Co-ops and condos are going a little crazy these days with fancy amenities, like wine cellars, golf simulators and even pet spas. But some of them come with unintentional consequences, right?

I work with a 152-unit building in Queens, and the board decided that it would be a convenience to shareholders to install an ATM machine in a common area. They had an alcove across from the laundry room, which was in a corridor on the way to the garage. The treasurer talked to different companies and recommended to the board one that would give the co-op 75 cents a transaction. They sent over a contract, and the board asked me to take a quick look at it.

What did you find?

At least a dozen things that I thought were bad. They wanted us to provide a secure room to count the money, the right to put in additional ATM’s with neon lights anywhere they wanted on the property, and for us to indemnify them against any and all claims anybody made against them. I also found it interesting that they wanted to charge users $2 a transaction, a fee they could raise as they saw fit, but the amount the co-op got would stay the same. To top it off, the contract would renew automatically every year unless we gave them a 60-day notice not to.

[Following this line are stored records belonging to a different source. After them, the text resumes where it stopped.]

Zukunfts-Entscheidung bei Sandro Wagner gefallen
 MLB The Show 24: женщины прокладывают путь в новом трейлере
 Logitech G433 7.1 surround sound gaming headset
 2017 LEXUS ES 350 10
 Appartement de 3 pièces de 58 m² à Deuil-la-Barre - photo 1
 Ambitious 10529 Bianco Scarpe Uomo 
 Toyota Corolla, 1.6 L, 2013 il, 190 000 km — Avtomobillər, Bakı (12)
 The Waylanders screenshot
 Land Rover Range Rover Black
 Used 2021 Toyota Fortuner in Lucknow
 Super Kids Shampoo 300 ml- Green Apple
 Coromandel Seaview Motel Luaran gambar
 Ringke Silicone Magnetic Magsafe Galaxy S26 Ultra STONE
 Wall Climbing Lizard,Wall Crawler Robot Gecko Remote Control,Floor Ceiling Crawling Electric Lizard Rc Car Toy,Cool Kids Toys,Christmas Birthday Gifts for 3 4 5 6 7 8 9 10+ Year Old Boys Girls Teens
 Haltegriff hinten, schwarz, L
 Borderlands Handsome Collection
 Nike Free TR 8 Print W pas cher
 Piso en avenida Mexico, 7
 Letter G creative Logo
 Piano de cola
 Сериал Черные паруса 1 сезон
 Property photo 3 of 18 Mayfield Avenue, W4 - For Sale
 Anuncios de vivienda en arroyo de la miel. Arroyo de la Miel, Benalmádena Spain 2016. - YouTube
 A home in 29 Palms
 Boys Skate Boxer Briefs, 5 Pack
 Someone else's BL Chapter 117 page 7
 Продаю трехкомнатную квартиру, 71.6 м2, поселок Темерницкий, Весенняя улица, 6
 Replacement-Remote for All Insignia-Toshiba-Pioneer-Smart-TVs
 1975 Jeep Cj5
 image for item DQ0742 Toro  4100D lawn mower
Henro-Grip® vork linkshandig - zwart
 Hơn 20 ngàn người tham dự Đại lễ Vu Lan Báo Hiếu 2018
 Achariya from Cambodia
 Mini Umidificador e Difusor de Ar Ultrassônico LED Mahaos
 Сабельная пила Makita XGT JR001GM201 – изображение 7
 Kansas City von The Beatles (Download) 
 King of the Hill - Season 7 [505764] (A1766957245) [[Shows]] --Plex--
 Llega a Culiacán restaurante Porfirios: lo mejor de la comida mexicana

In other words, not a good deal.

It was a terrible contract. I asked the board to let me make revisions, give it back to the company and see what they’d say. I did, and the next thing I knew, they signed, no questions asked. That said, the co-op makes so little money that the company only pays us every three months.

But didn’t the board really see this as a service for shareholders as opposed to a moneymaker?

I think they wanted to make a few bucks from this empty space and thought that maybe it would be good for shareholders. Now the ATM is there, and they’re pushing it as an amenity, but I don’t believe it’s going to get a whole lot of use. Also, it’s going to take them three or four years to recoup what they had to pay in legal fees.

What’s the lesson here?

If someone gives you a lease contract and tells you it’s a standard form, don’t take their word for it. Whether it’s for an ATM, laundry room or cellphone towers on the roof, have a lawyer – ideally, someone who specializes in reading contracts – look it over, ask questions and make changes if needed. This is something that people overlook all the time, but you can’t be too careful.